Death is the common lot of men. But for man it is not an annihilation, but only the separation
of the soul from the body. The truth of the immortality of the human soul is one of the fundamental
truths of Christianity. “God is not a God of the dead but of the living; for all live unto
Him” (Matt. 22:32; Luke 20:38). In the New Testament Sacred Scripture death is called “the decrease
(departure) of the soul” (“I will endeavor that ye may be able after my decrease to have
these things always in remembrance,” 2 Peter 1: 15). It is called the deliverance of the soul from
prison (2 Cor. 5:1-4); the putting off of the body, (“knowing that short1y I must put off this my
tabernacle,” 2 Peter 1: 14); a dissolving (“having a desire to depart, and to be with Christ, which
is far better,” Phil. 1:2-3); a departure (“the time of my departure is at hand,” 2 Tim. 4:6); a
sleep, (David “fell asleep,” Acts 13:36).

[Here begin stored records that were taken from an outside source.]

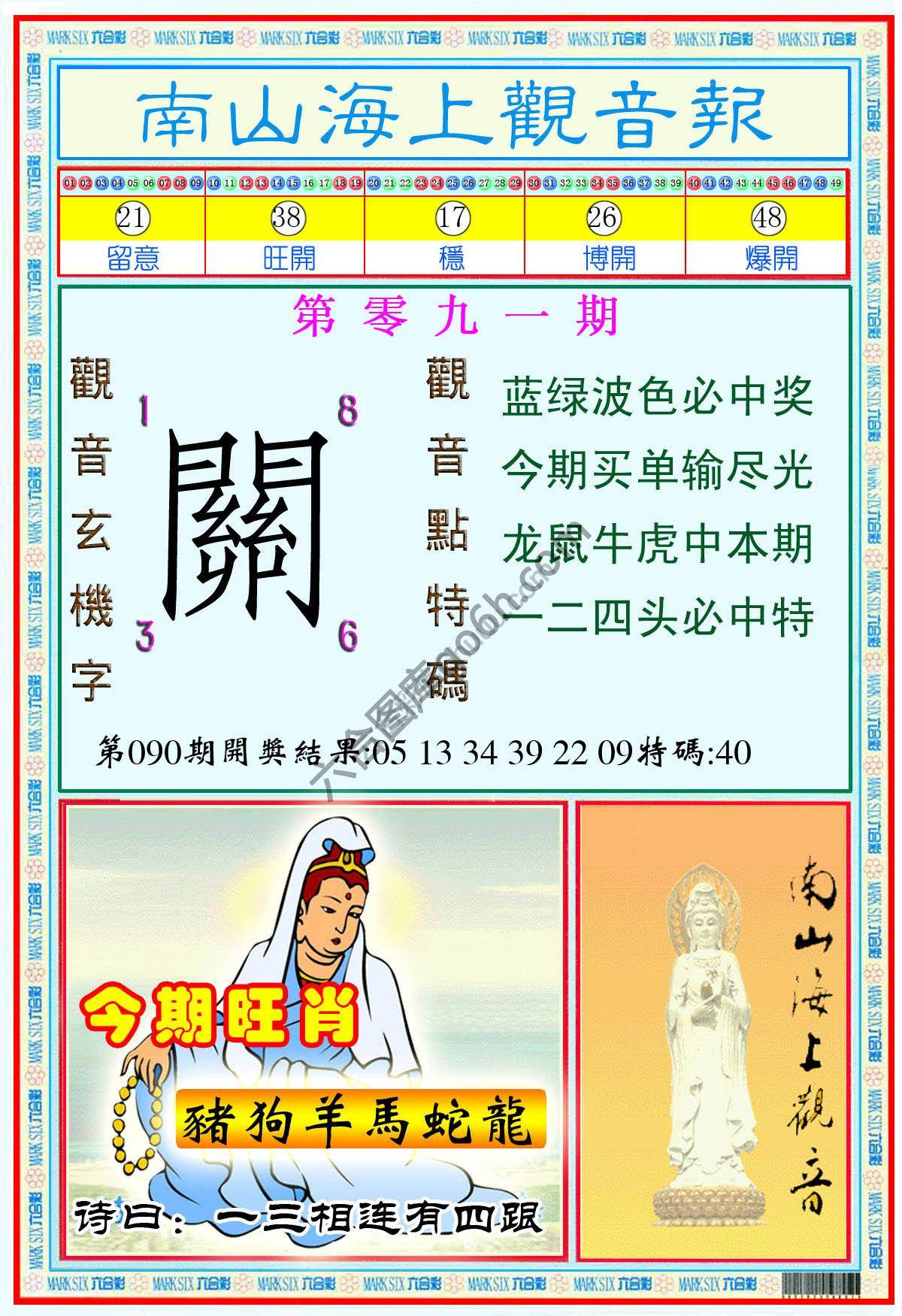 南山海上观音报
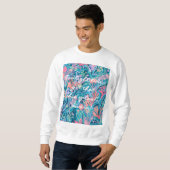Sweatshirt in stylischer Grafik-Optik (Vorne ganz)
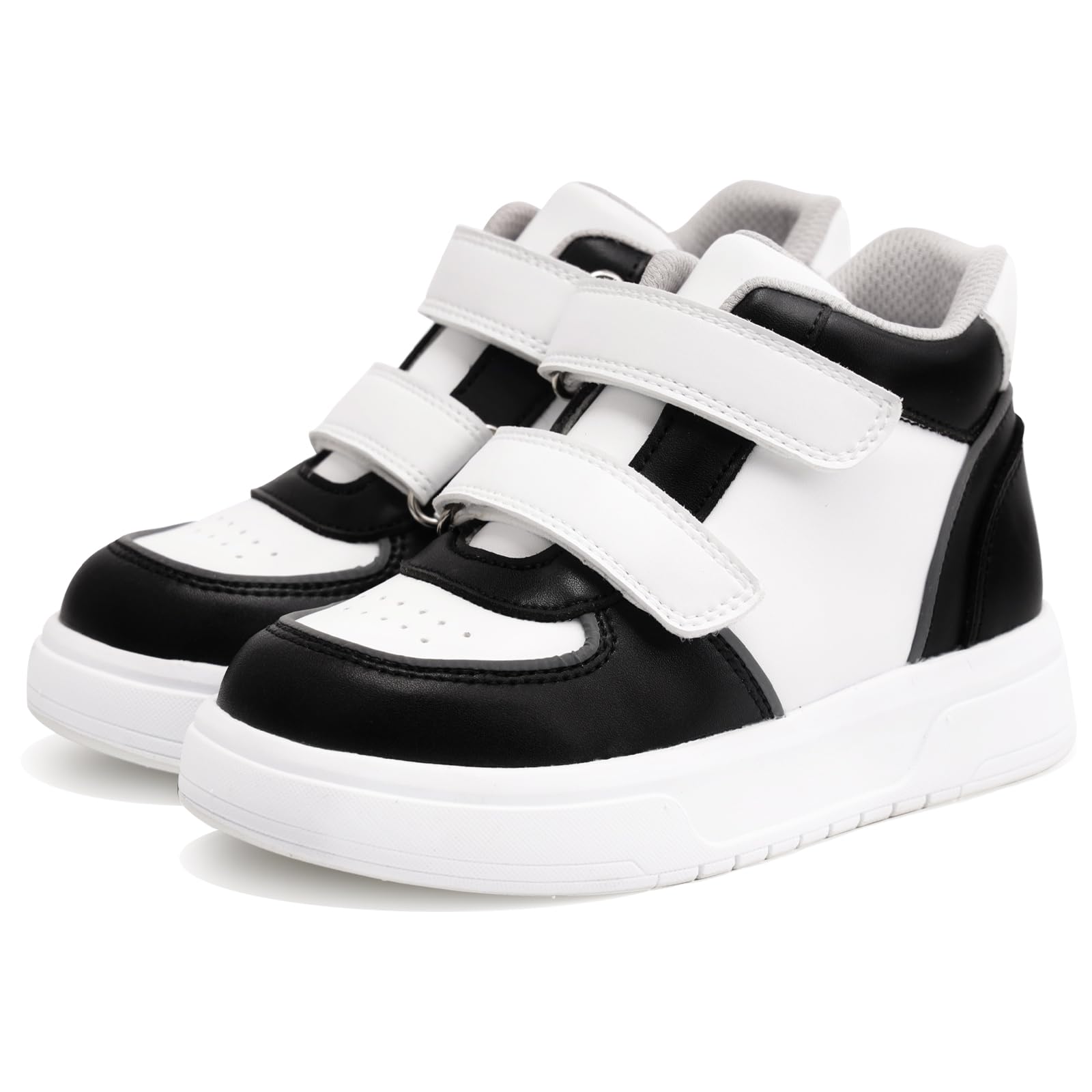 princepard Zapatos ortopédicos para niños y niños pequeños, tenis de suela gruesa de moda con soporte de tobillo y arco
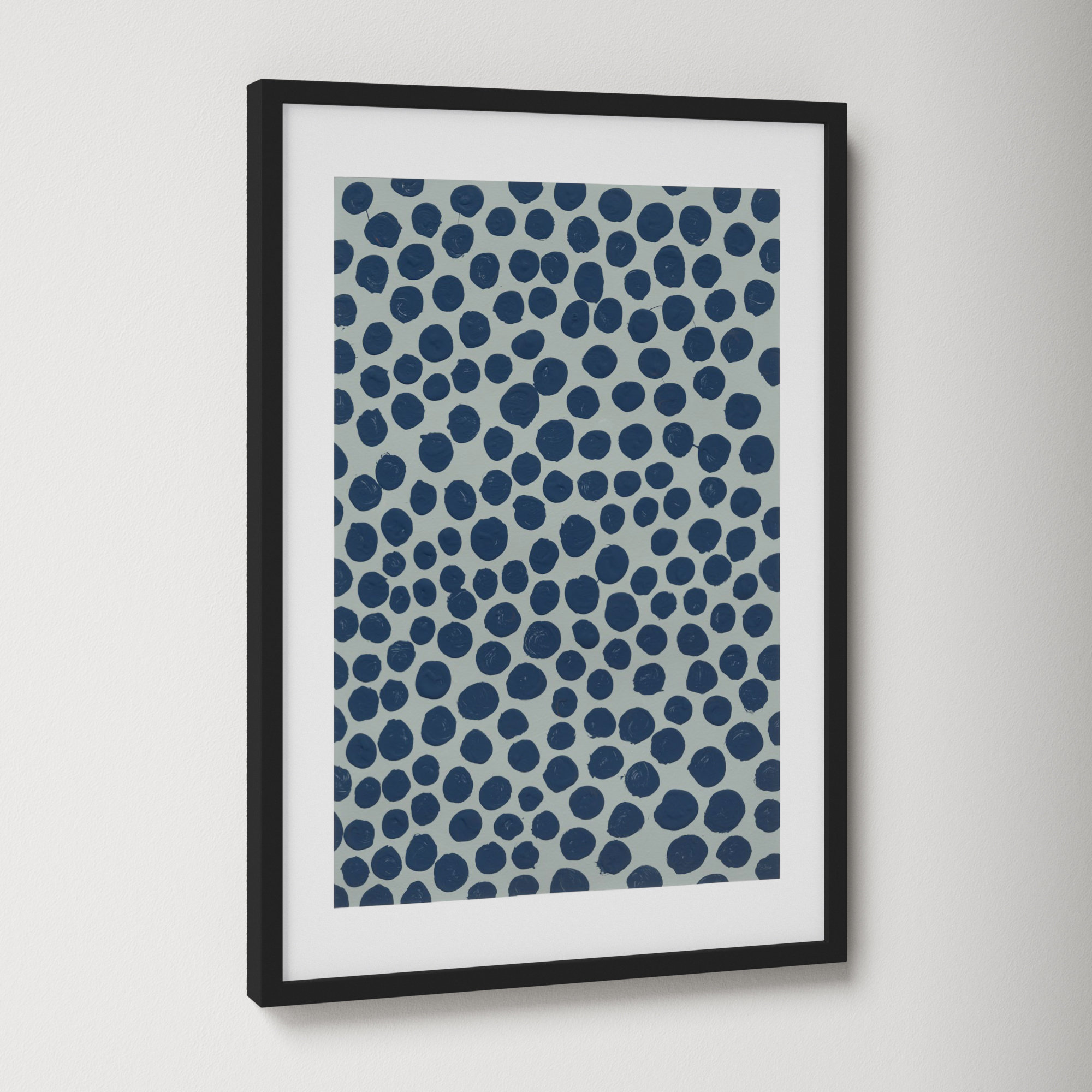 Blackberry On Gray by Michela Sorrentino, 20" H x 14" W x 1.25" D, Black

The state of the soul after death, according to the clear testimony of the word of God, is not
unconscious but conscious (for example, according to the parable of the rich man and Lazarus,
Luke 16:19-31). After death man is subjected to a judgment which is called “particular” to distinguish
it from the general last judgment. It is easy in the sight of the Lord to reward a man “on
the day of death according to his conduct,” says the most wise son of Sirach (11: 26). The same
thought is expressed by the Apostle Paul: “It is appointed unto men once to die, but after this the
judgment” (Heb. 9:27). The Apostle presents the judgment as something which follows immediately
after the death of a man, and evidently he understands this not as the general judgment, but
as the particular judgment, as the Holy Fathers of the Church have interpreted this passage. “Today
shall thou be with me in paradise” (Luke 23:43), the Lord uttered to the repentant thief.

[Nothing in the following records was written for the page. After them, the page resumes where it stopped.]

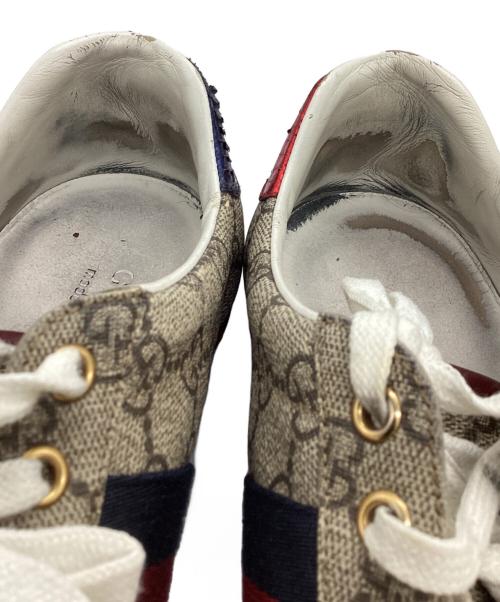 GUCCI（グッチ）GUCCI (グッチ) GGスプリームスニーカー / 429445 ベージュ サイズ:7 1/2の古着・服飾アイテム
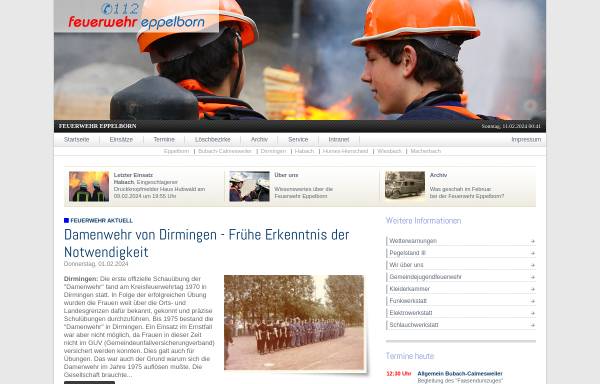 Vorschau von www.feuerwehr-eppelborn.de, Freiwillige Feuerwehr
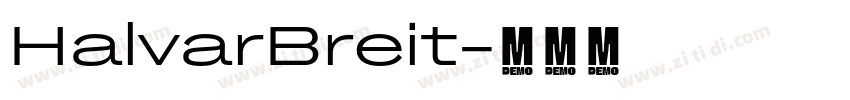 HalvarBreit字体转换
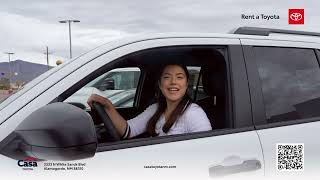 🚗 Experience the Difference: Rent a Toyota at Casa Toyota!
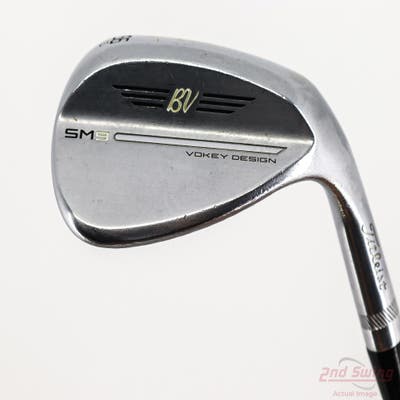 Titleist Vokey SM9 Tour Chrome Wedge Sand SW 56° 10 Deg Bounce S Grind Titleist Vokey BV Steel Wedge Flex Right Handed 35.5in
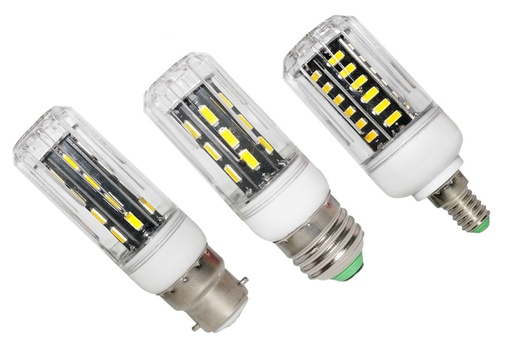 9W 12W 15W 25W E27 E14 B22 7030 SMD LED Corn Bulb Lamp AC110V/220V Chandelier LEDs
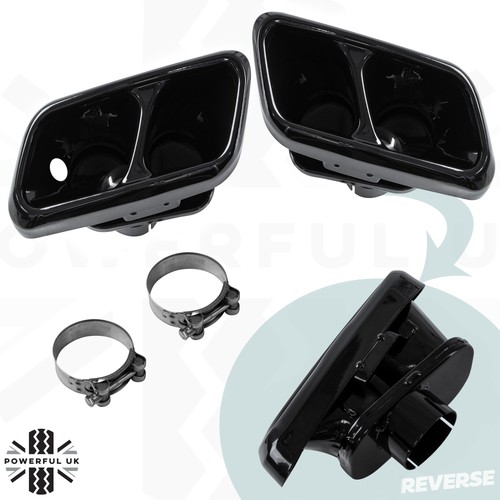 Black svr style exhaust - svr,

In Sacred Scripture it is not given us to know how the particular judgment occurs after a
man’s death. We can judge of this only in part from separate expressions which are found in the
word of God. Thus, it is natural to think that in the particular judgment also a large part in the
fate of a man after death is taken both by good and by evil angels: the former are implements of
God’s mercy, and the latter — by God’s allowance — are implements of God’s justice. In the
parable of the rich man and Lazarus, it is said that “Lazarus was carried by the angels into Abraham's
bosom” (Luke 16:22). In the parable of the foolish rich man he is told: “Thou fool, thisnight thy soul shall be required of thee” (lit: “they shall take,” Luke 12:20); evidently it is evil
powers who will “take it” (St. John Chrysostom.). For, on the one hand, the angels of these “little
ones,” in the Lord's own words, always behold the face of the Heavenly Father (Matt. 18: 10),
and likewise at the end of the world the Lord will send His angels, who will “sever the wicked
from among the just, and shall cast them into the furnace of fire” (Matt. 13:49); and on the other
hand, “our adversary the devil, as a roaring lion, walketh about, seeking whom he may devour”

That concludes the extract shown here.